◆ WHAT THE EXERCISE ASKS ◆
Copy the data exactly. Images are the one exception.

BEGIN SUPPLIED MATERIAL

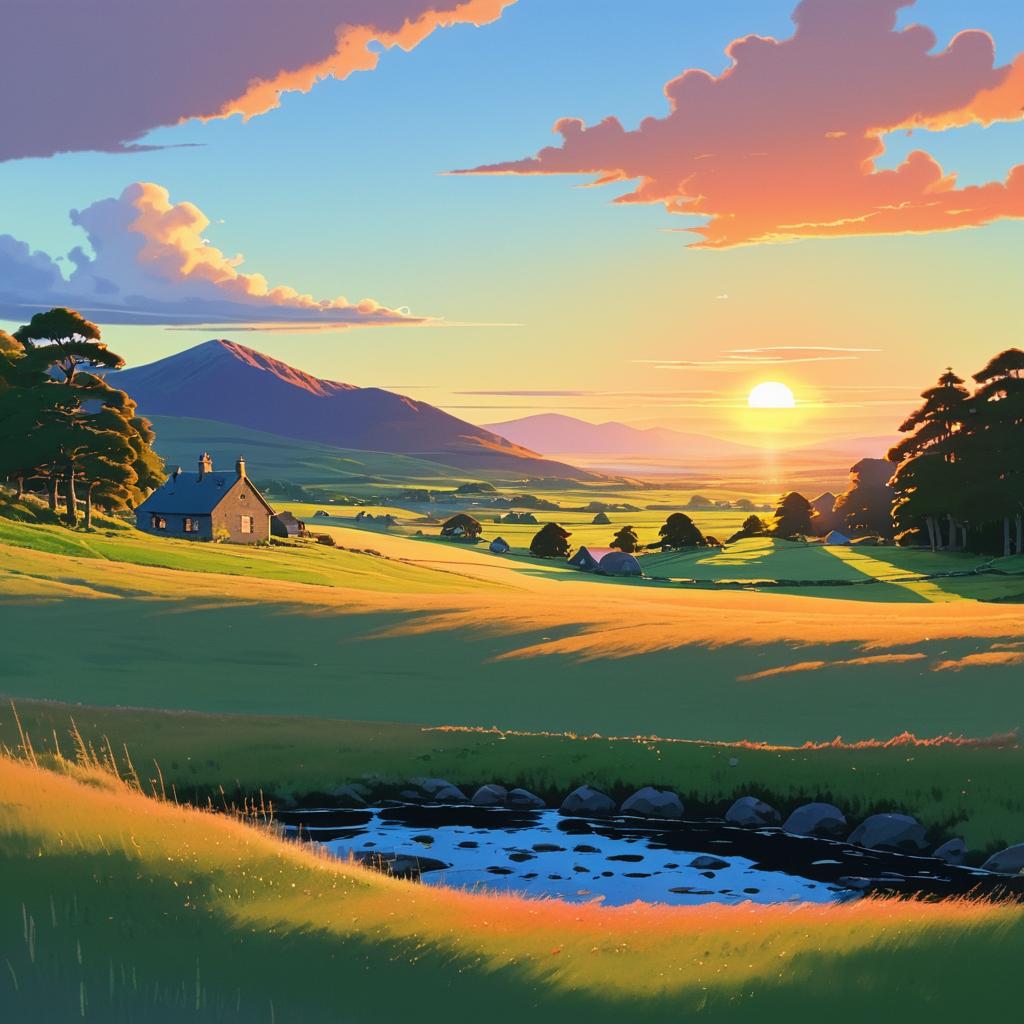 Whimsical Scottish Highlands at Sunset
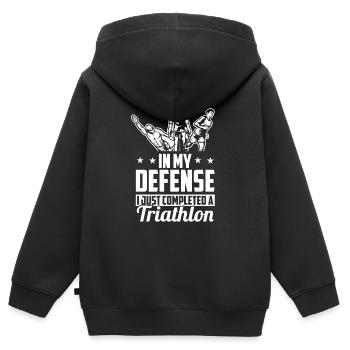 Triathlon Triathlet Kalt - Kinder Premium Organic Zip Hoodie - Schwarz - Hinten - AI Model Kid Male (0cm)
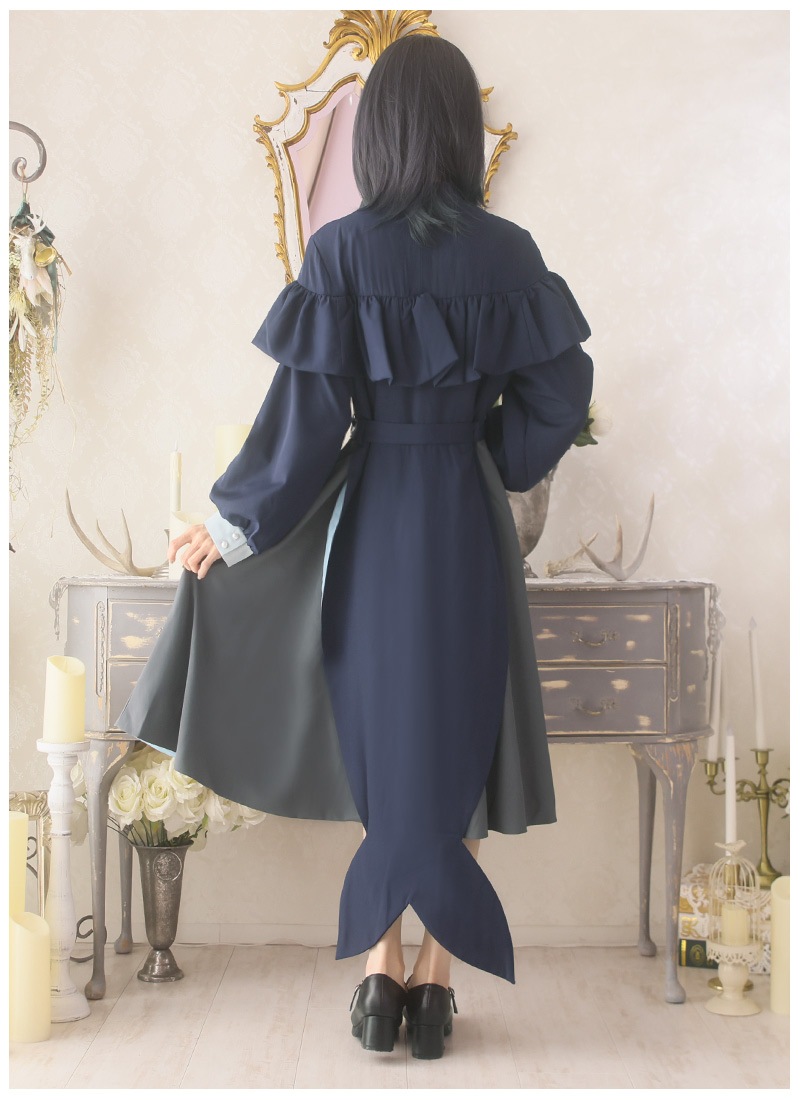 呼宵さんコラボ 青色をまとう おさかなワンピース ｜ Favorite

END SUPPLIED MATERIAL

◆ EXERCISE RESPONSE ◆
 Whimsical Scottish Highlands at Sunset
 Triathlon Triathlet Kalt - Kinder Premium Organic Zip Hoodie - Schwarz - Hinten - AI Model Kid Male (0cm)
 呼宵さんコラボ 青色をまとう おさかなワンピース ｜ Favorite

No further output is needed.